Friday, August 16, 2019

Fables for Our Time and Famous Poems Illustrated by James Thurber (1940)

A collection of fables updated for the modern age.

Book Review: Fables for Our Time is Aesop brought into the 20th Century and made humorously dark or darkly humorous. A satirical menagerie poking fun in an acidic (but funny) commentary on society. James Thurber presents a form of humor rarely seen today, but sadly still relevant. As with our friend Aesop, the morals tell the story: "It is not so easy to fool little girls nowadays as it used to be"; "If you live as humans do, it will be the end of you"; "It is better to ask some of the questions than to know all the answers"; "You can fool too many of the people too much of the time"; "Run, don't walk, to the nearest desert island." All quite obviously true, but the fun is in seeing how Thurber gets there. While some of the fables provide a sharp insight to every day life, others address more serious issues such as the paranoia of communities, as may be focused on refugees, Jews, Reds, or Muslims. In "The Very Proper Gander" a rumor sparked the crowd to gather sticks and stones till they "set upon him and drove him out of the country." The people are oh-so-afraid of those oh-so-dangerous ganders! Even darker are the lessons of "The Birds and the Foxes" and "The Rabbits Who Caused All the Trouble." Fables for Our Time also includes a section, as noted above, of "Famous Poems Illustrated." These are story-poems by writers such as Longfellow, Scott, Tennyson, Housman, and Whittier, all of whose work I assume were safely in the public domain. This section is interesting as an introduction to popular verses of yesteryear, but may be of more interest to fans of Thurber's drawings, as he provides an illustration for most every stanza of the poems. Otherwise, I think the poems were included as a way to fill up a too-slender book. Fables for Our Time isn't indispensable and may be difficult to find, but it's a pleasant enough book representing a lost art form and a sharp eye into human nature. Some fables are dated in a Steve Harvey/battling Bickersons kind of way, but spot on in their evaluation of people.  [3½★]

Thursday, August 15, 2019

At the Existentialist Cafe by Sarah Bakewell (2016)

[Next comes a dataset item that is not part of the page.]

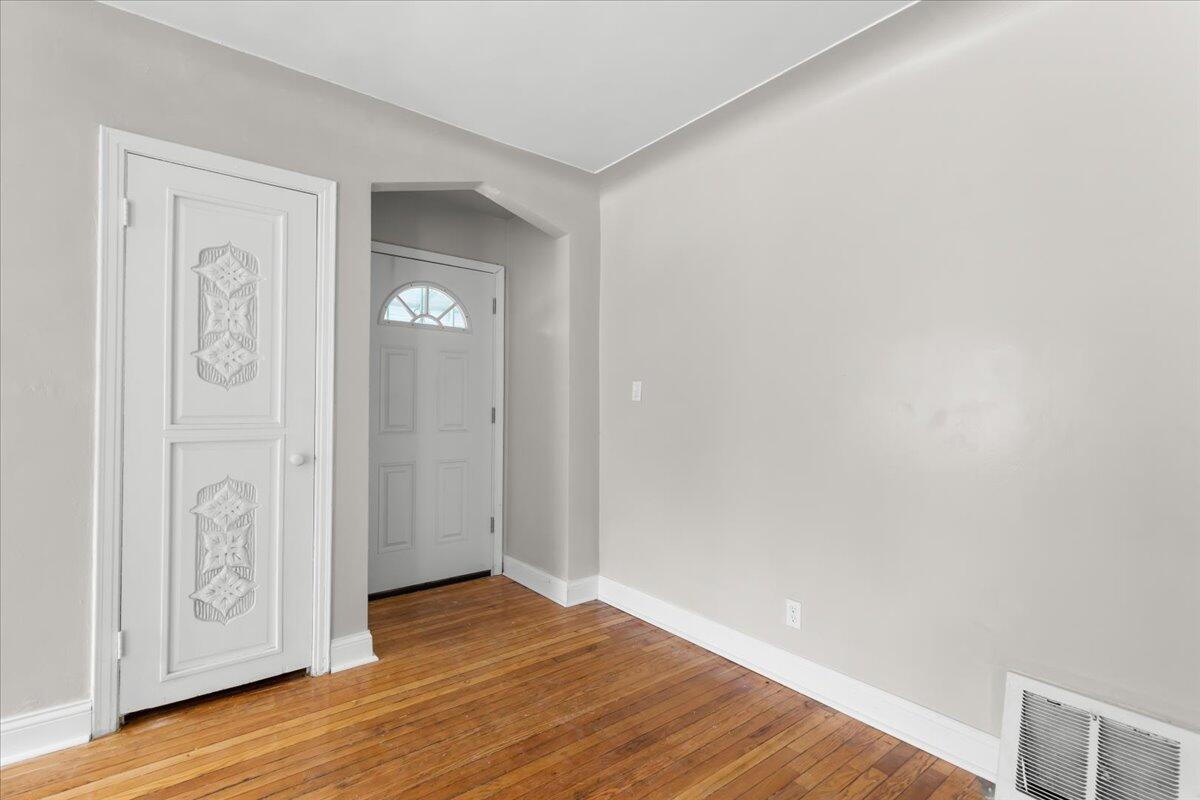 3033 Williams Street Inkster, MI 48141 - Photo 11 of 36 09-3033 Williams St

A wide ranging exploration of the lives and ideas of the existentialist philosophers.

Nonfiction Review: At the Existentialist Cafe is subtitled "Freedom, Being, and Apricot Cocktails," which gives a clue that this is not your grandma's existentialist handbook. Sarah Bakewell tells the story of and explains existentialist philosophy through the lives of its proponents, which makes for a human, engaging, and accessible story. Full credit to her for bringing life to such a rarefied subject, and for bringing such a rarefied subject to the general reading public. Although this has become the most successful pop philosophy book since Zen and the Art of Motorcycle Maintenance (1974), within there is the makings of a serious and informative textbook. Bakewell is a master of disguise: she can teach and entertain in the same sentence. For the serious reader, At the Existentialist Cafe provides a highly useful Cast of Characters, detailed and extensive supplementary chapter Notes, a  thorough Select Bibliography, and a well-organized Index. Her short but incisive discussion of Simone de Beauvoir's groundbreaking The Second Sex (1949) is a high point of the book. Bakewell notes that The Second Sex "can be considered the single most influential work ever to come out of the existentialist movement." Worth noting is that The Second Sex relates practically to everyday life, as did the Epicureans and the Stoics, than does the philosophy for philosophy's sake that fills these pages.

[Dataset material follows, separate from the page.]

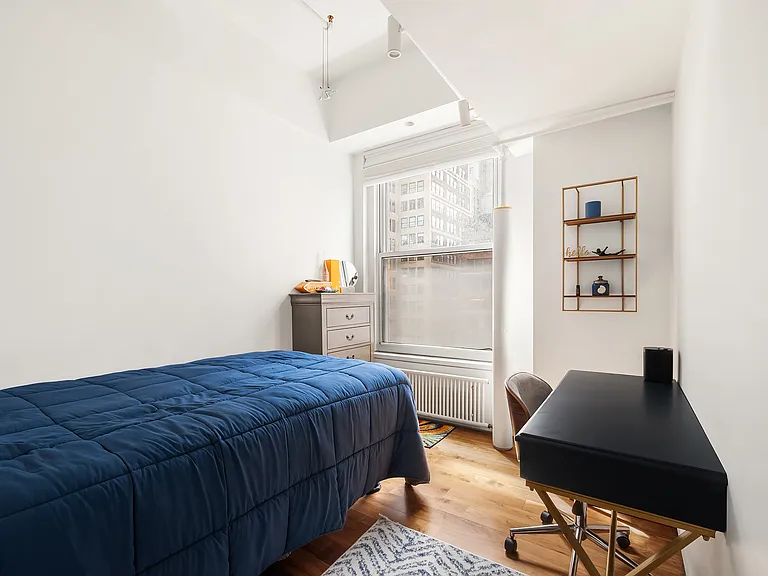 315 W 36th St #11D — Photo 8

Today it's possible to live in a superficially religious country (where one does not have to believe, but cannot too openly disavow the customs of belief), caught somewhere between the less religious countries of Europe and the truly devout countries of the world. It's surprising how shocking and controversial, even unnerving, existential philosophies once were, and how little they move the needle now. Much of what Bakewell relates, seismic at the time, is taken for granted today. Many people now seem to live existential lives, although most probably would not identify as existentialists. "Anxiety is the dizziness of freedom," wrote Kierkegaard, and today anxiety is a natural and constant element of our lives. As such, the philosophy is less interesting, less necessary, to many modern readers except historically, as it is simply how many live, like fish in water. Bakewell notes: "Existentialist ideas and attitudes have embedded themselves so deeply into modern culture that we hardly think of them as existentialist at all."

As is common with many biographers these days, Bakewell gives herself time in the spotlight along with her subjects, but unlike most biographers at least she does it with taste and restraint. Interesting to me is that Bakewell has a philosophy degree, but she is primarily a biographer, yet explains philosophy better than any book I've ever read by an academic in the field. Perhaps we need biographers to be the new teachers, combining lives with knowledge. For the average reader interested in existentialism, this is the perfect book for painless pedagogy.  [5★]

Letters to a Young Poet by Rainer Maria Rilke (1929)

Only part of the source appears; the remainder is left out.